The following extremely simplified DataFrame represents a much larger DataFrame containing medical diagnoses:
medicalData = pd.DataFrame({'diagnosis':['positive','positive','negative','negative','positive','negative','negative','negative','negative','negative']})
medicalData
diagnosis
0 positive
1 positive
2 negative
3 negative
4 positive
5 negative
6 negative
7 negative
8 negative
9 negative
Problem: For machine learning, I need to randomly split this dataframe into three subframes in the following way:
trainingDF, validationDF, testDF = SplitData(medicalData,fractions = [0.6,0.2,0.2])
...where the split array specifies the fraction of the complete data that goes into each subframe.
np.array_split
If you want to generalise to n
splits, np.array_split
is your friend (it works with DataFrames well).
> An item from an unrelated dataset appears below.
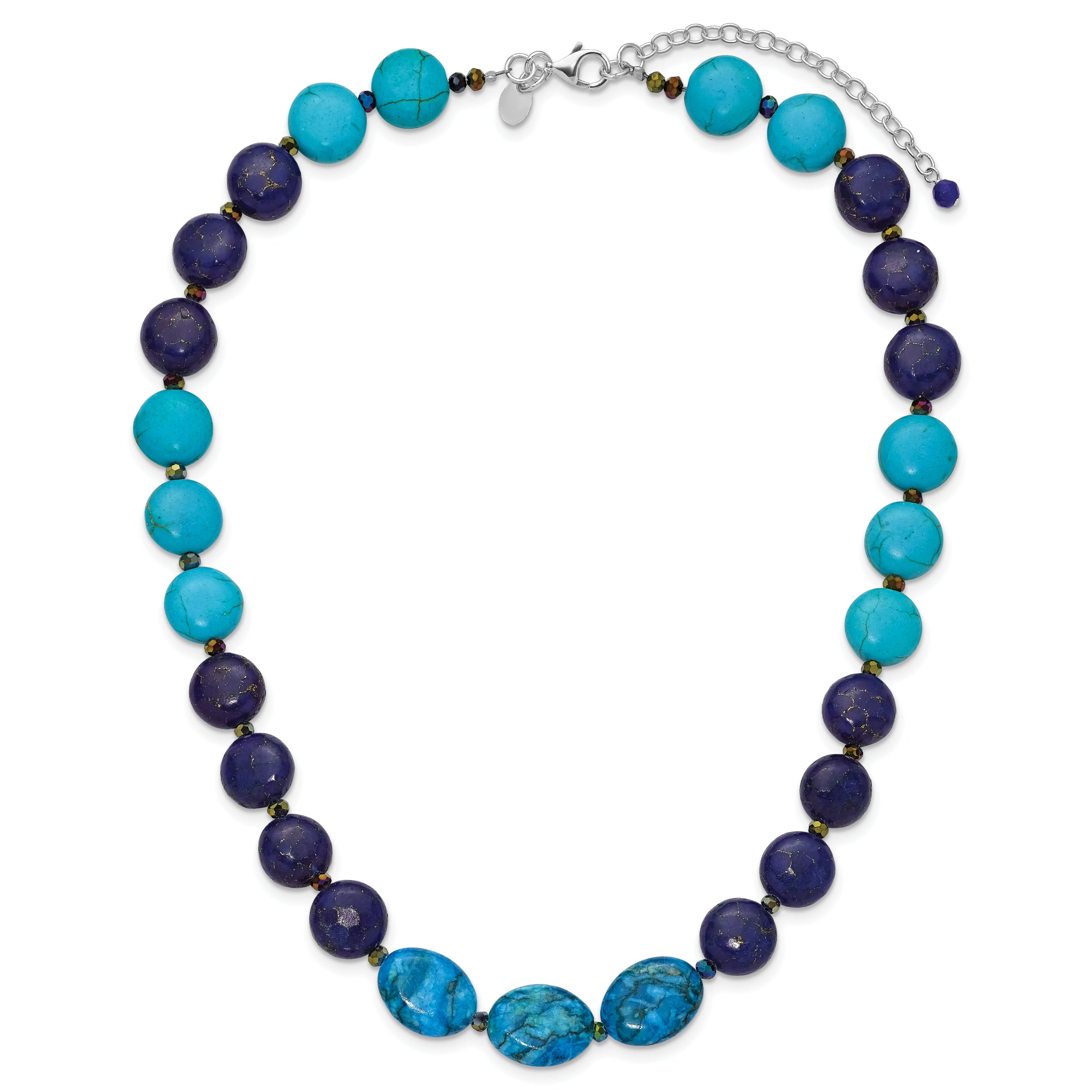 Sterling Silver Agate,Crystal,Jasper, Recon. Lapis With 2 in ext Necklace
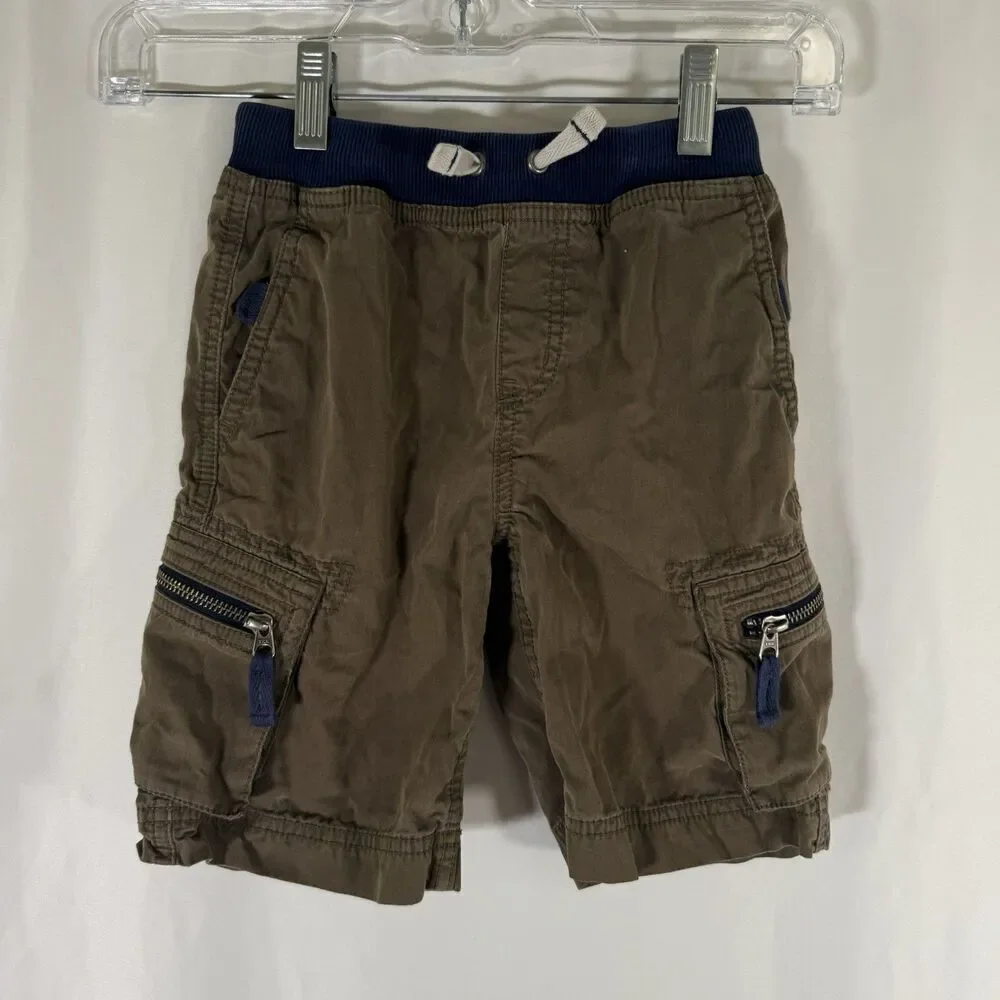 Hanna Andersson Cargo Shorts Boys 110 5 Green Pull On Drawstrong Zip Pockets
fractions = np.array([0.6, 0.2, 0.2])
# shuffle your input
df = df.sample(frac=1)
# split into 3 parts
train, val, test = np.array_split(
df, (fractions[:-1].cumsum() * len(df)).astype(int))
train_test_split
A windy solution using train_test_split
for stratified splitting.
y = df.pop('diagnosis').to_frame()
X = df
X_train, X_test, y_train, y_test = train_test_split(
X, y,stratify=y, test_size=0.4)
X_test, X_val, y_test, y_val = train_test_split(
X_test, y_test, stratify=y_test, test_size=0.5)
Where X
is a DataFrame of your features, and y
is a single-columned DataFrame of your labels.